The hotel might want to consider sealing up Room 32-135, or even the entire floor, to avoid becoming a destination site for gawkers fascinated by its macabre history, some experts have suggested.
Officials facing similar decisions at the schools, churches and other places where mass shootings have taken place in recent years have gone in a variety of directions.
Some of the venues have been dismantled completely. Others, like the San Bernardino, California community center where a husband and wife killed 14 people in December 2015, have reopened, with officials saying that getting back to work helping people was integral to healing.
The Orlando, Florida nightclub where a gunman killed 49 people in June 2016, remains closed, and the owner plans to turn it into a memorial.
Connecticut's Sandy Hook Elementary School, where 20 children and six adults were killed in 2012, was demolished and rebuilt four years later.
A spokesman for Mandalay Bay declined to comment on its plans.

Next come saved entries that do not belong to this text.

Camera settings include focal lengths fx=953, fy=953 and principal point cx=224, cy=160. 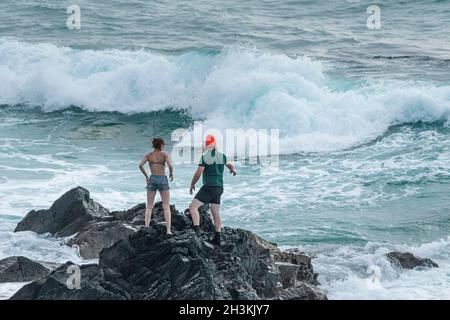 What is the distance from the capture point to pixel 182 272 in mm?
11898

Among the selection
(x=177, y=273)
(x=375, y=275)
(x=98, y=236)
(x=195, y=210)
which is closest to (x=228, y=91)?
(x=98, y=236)

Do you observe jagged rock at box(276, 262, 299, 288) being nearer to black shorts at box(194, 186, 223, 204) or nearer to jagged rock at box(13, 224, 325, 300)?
jagged rock at box(13, 224, 325, 300)

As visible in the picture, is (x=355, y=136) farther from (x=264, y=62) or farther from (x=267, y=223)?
(x=267, y=223)

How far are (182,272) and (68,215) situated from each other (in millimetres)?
4631

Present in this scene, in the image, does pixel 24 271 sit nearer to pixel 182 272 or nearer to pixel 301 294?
pixel 182 272

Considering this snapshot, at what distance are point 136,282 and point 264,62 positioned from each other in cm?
1859

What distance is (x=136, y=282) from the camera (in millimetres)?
12039

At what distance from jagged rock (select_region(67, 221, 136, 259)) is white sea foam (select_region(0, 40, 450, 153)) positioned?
979 cm

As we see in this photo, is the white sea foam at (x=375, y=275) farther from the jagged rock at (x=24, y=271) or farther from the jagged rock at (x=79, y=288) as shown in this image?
the jagged rock at (x=24, y=271)

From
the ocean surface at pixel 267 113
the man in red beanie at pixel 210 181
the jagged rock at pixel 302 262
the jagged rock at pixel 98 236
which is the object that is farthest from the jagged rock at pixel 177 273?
the jagged rock at pixel 98 236

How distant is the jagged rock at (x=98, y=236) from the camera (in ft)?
47.6

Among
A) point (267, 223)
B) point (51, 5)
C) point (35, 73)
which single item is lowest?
point (267, 223) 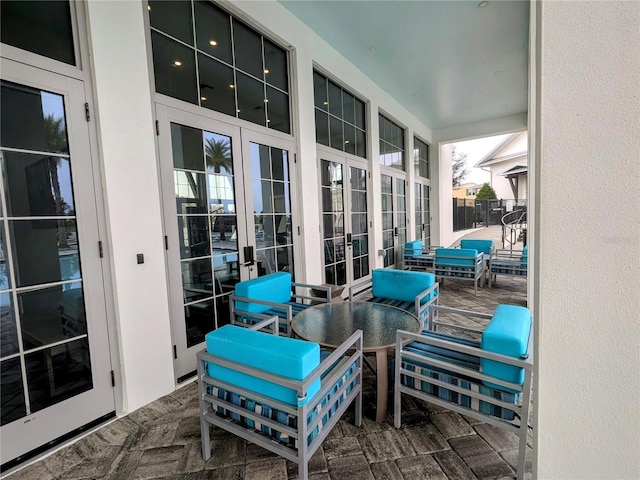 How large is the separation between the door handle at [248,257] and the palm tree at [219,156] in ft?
1.09

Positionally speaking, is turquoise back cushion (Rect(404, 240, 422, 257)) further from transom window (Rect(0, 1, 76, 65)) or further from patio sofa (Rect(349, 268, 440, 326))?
transom window (Rect(0, 1, 76, 65))

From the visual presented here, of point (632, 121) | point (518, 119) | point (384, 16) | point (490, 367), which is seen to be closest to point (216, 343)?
point (490, 367)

But it appeared highly unlikely the suite would simply reopen as if nothing had happened there on October 1. "I wouldn't want to stay in that room," said North Carolina tourist Randy Dockery, at a makeshift memorial for the victims in a narrow patch of grass along the Las Vegas Strip.

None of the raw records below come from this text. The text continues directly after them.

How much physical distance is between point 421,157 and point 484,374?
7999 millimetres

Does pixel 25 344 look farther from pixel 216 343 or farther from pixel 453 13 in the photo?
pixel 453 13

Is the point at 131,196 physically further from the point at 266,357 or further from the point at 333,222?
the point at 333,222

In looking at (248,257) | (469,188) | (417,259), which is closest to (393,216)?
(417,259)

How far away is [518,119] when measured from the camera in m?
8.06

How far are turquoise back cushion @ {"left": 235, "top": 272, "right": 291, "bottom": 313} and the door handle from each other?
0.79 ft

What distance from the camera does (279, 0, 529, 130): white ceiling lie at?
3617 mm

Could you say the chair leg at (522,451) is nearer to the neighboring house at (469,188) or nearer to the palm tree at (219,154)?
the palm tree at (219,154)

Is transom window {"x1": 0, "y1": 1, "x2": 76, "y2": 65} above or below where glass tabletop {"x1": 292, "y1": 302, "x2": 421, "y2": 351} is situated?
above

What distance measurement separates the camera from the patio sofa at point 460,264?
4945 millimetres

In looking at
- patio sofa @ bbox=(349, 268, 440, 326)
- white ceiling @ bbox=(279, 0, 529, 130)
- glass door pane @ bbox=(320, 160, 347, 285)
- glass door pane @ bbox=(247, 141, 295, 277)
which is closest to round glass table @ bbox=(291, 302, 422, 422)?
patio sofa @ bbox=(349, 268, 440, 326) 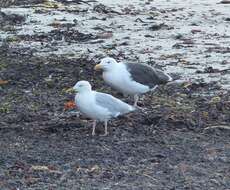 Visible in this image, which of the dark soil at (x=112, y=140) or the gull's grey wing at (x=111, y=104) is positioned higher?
the gull's grey wing at (x=111, y=104)

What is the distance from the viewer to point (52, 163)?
7.31 meters

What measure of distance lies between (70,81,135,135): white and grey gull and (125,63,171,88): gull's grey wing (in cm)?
110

Some experts suggested Mandalay Bay should erect a memorial somewhere in the hotel, either permanent or temporary, and throw a fundraiser for the victims and their families.
"The hotel was absolutely a victim as well, and by transforming some space into something that honors the victims, they could hopefully promote healing and actually some good," said Kim Miller, president of Florida-based Ink Link Marketing, whose work includes advising companies on crisis management.
For Dockery, the choice was obvious.
"The memorial should be over there," he said, pointing at the hotel. "But probably they don't want the publicity.